* [What to produce]
Could you restate word for word the lines running from the one with "this 447×325 image." to the end of the data, both ends included, but without pictures?

-- Data listing follows --

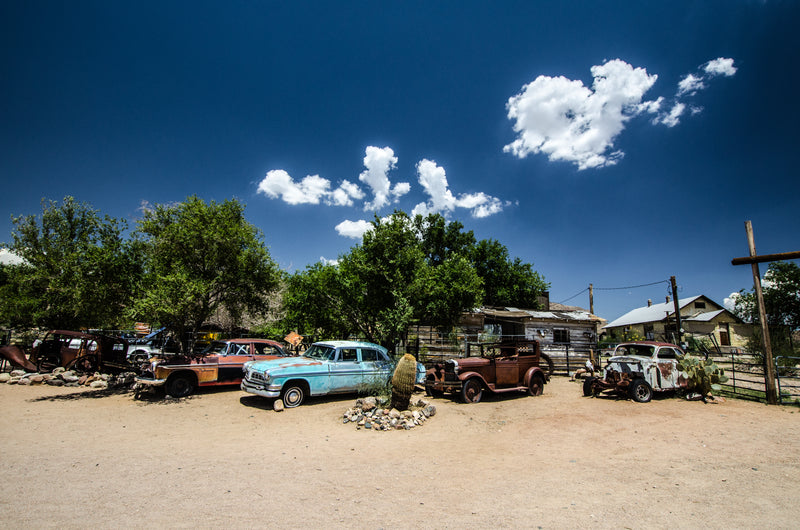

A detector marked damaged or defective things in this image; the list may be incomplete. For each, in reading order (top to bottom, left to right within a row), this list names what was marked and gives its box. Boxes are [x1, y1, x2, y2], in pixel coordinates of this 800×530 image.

rusted car body [28, 328, 130, 370]
rusty car [28, 330, 130, 372]
abandoned sedan [137, 336, 288, 394]
rusted car body [136, 336, 290, 394]
rusty car [136, 336, 290, 394]
abandoned sedan [241, 340, 424, 406]
abandoned sedan [422, 340, 548, 402]
rusty car [422, 340, 548, 402]
rusted car body [424, 340, 552, 402]
abandoned sedan [580, 338, 688, 400]
rusted car body [580, 338, 688, 400]
rusty car [580, 338, 688, 400]
white rusted car [580, 340, 688, 402]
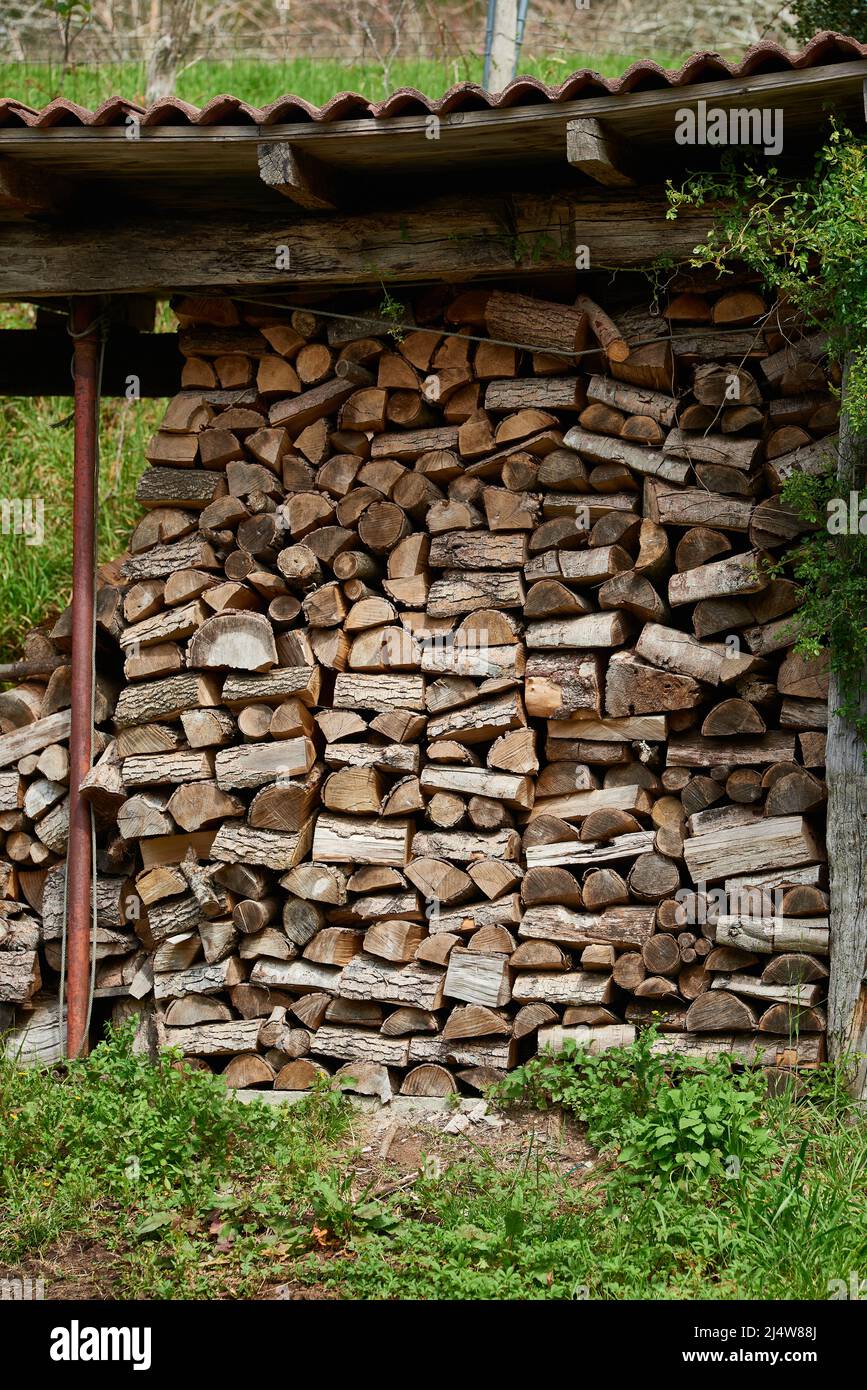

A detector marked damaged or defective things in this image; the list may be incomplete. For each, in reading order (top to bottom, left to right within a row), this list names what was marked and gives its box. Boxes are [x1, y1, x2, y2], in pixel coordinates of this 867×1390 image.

rusty metal pole [66, 298, 101, 1056]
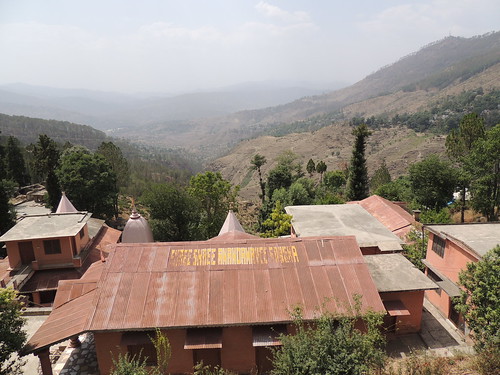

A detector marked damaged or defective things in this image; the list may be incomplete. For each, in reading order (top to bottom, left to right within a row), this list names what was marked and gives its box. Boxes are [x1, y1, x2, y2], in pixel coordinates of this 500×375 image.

rusty metal roof [356, 195, 414, 239]
rusty metal roof [24, 236, 386, 354]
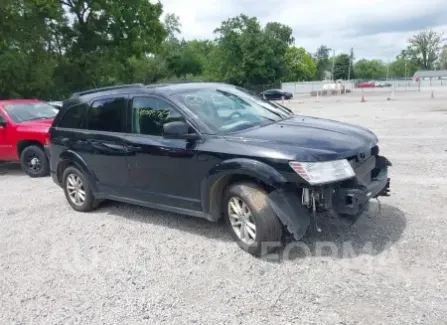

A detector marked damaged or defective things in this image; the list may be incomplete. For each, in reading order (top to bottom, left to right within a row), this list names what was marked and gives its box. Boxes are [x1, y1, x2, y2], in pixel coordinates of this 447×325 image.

crumpled hood [228, 114, 378, 161]
exposed front end damage [266, 148, 392, 239]
damaged front bumper [266, 153, 392, 239]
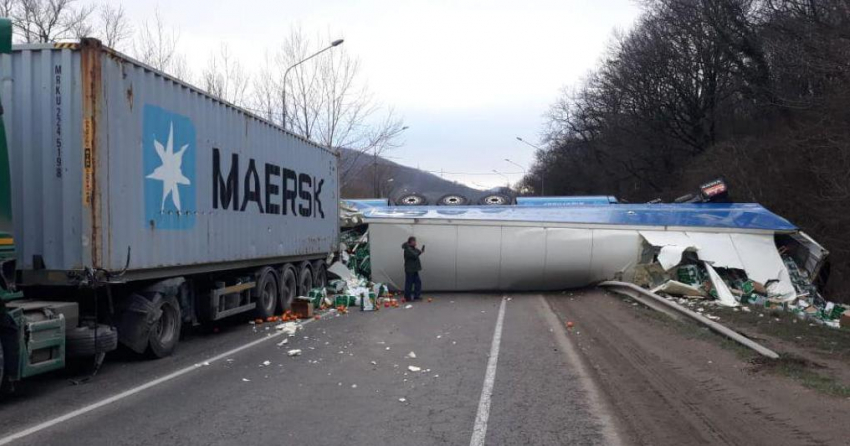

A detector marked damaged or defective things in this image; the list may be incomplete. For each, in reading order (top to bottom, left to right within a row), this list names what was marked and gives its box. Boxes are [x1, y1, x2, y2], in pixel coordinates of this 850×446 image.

overturned truck trailer [362, 203, 820, 296]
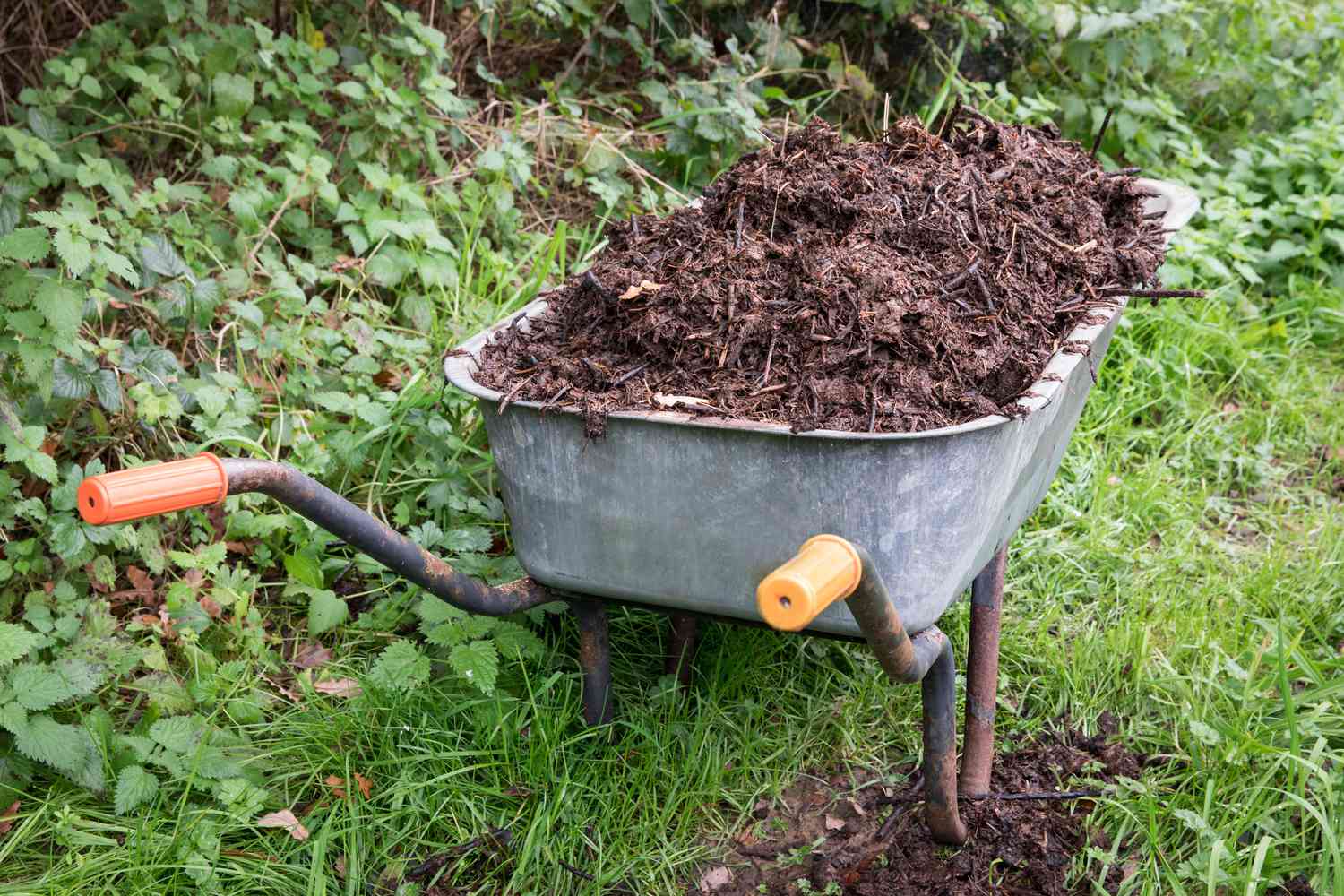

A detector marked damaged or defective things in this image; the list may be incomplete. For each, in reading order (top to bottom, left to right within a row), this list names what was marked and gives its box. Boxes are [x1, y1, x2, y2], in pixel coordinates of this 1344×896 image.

-- Data listing concluded --

* [Task result]
A detector marked damaged or defective things in this image; the list may be incomplete. For each, in reading order (top to bottom, left to right within a row), this list names what was marked and gives its box. Boxes are [x1, y1, x2, y2], in pixel coordinates of this 447×325 image.

crumpled hood [228, 114, 378, 161]
exposed front end damage [266, 148, 392, 239]
damaged front bumper [266, 153, 392, 239]

A detector marked damaged or defective things in this image; the list may be incomplete. For each, in reading order (top to bottom, left to right within a row), this list names what was marked and gives its box. Boxes are [x1, y1, x2, y2], in pixel coordinates of this 850×446 image.

overturned truck trailer [362, 203, 820, 296]

A detector marked damaged or defective things in this image; the list may be incomplete. For each, in reading order (top to bottom, left to right within a row), this list names what was marked and gives its box. Boxes are [x1, y1, x2, y2], in pixel coordinates of this 1344×896 image.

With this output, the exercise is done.